## [WHAT TO WORK ON]
Set down the final stretch of the data, from the line that holds "2 SZ Deluxe/" through the last line, both included, with pictures left out.

## [EXERCISE DATA]
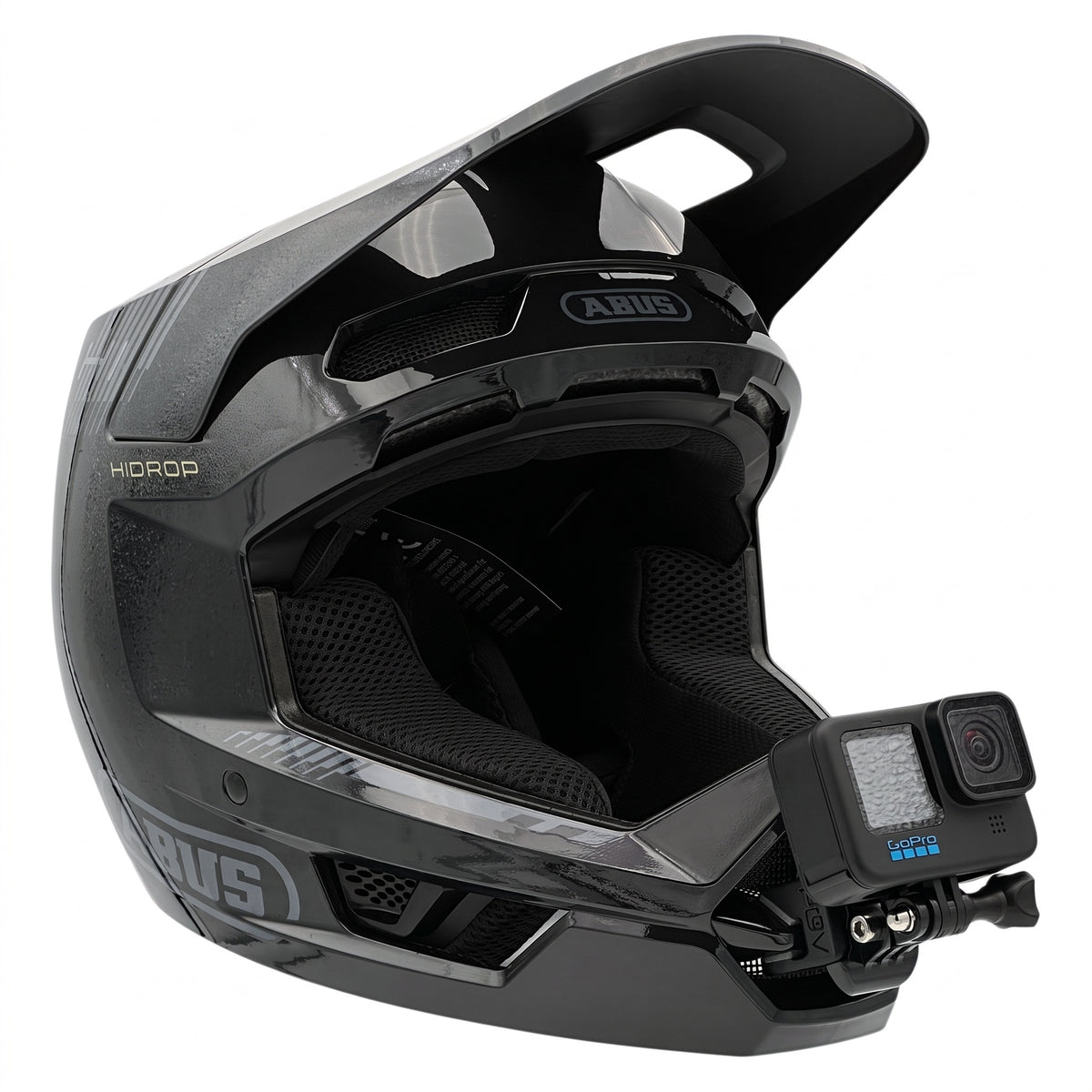 POV Mount for ABUS HIDROP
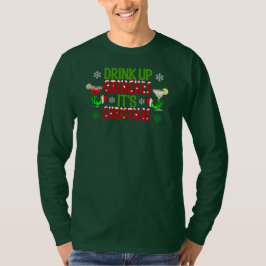 Julens Långärmad T-Shirt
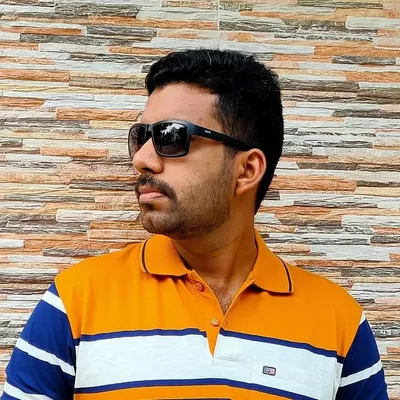 Ajith kumar CL profile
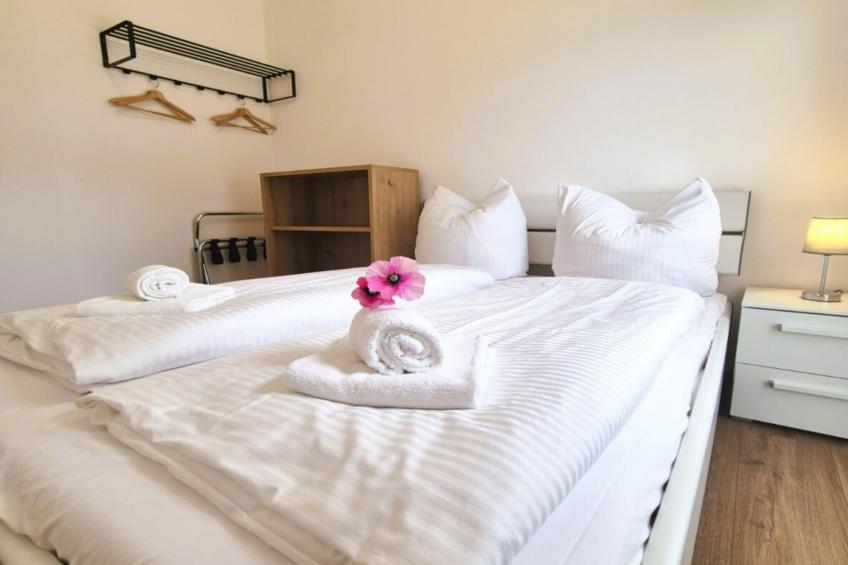 2 SZ Deluxe/ 5P- Winterberg Appartement 21134 - foto 17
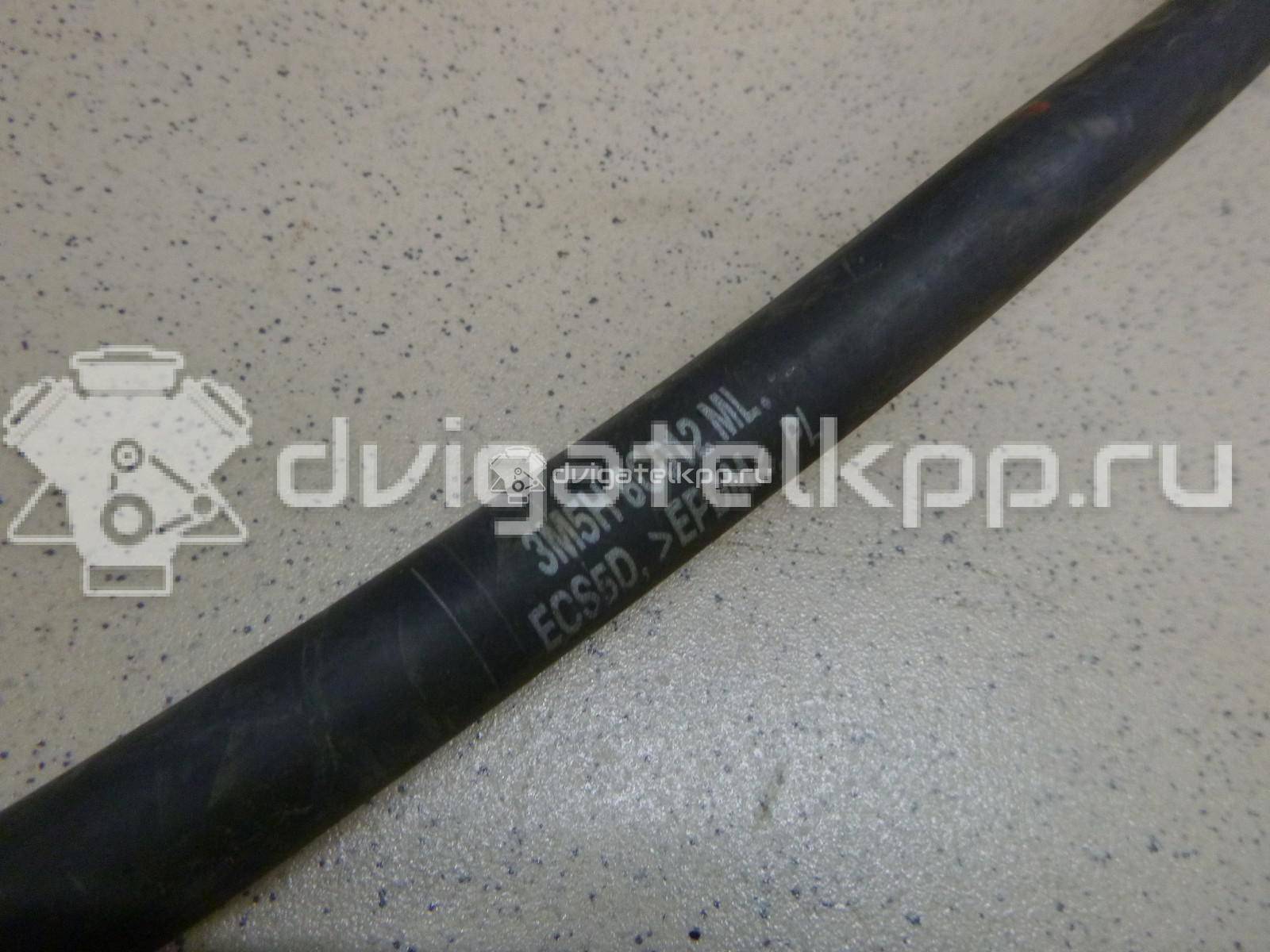 Фото Патрубок  3M5H8C012ML для volvo S40 {forloop.counter}}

## [TASK ANSWER]
 2 SZ Deluxe/ 5P- Winterberg Appartement 21134 - foto 17
 Фото Патрубок  3M5H8C012ML для volvo S40 {forloop.counter}}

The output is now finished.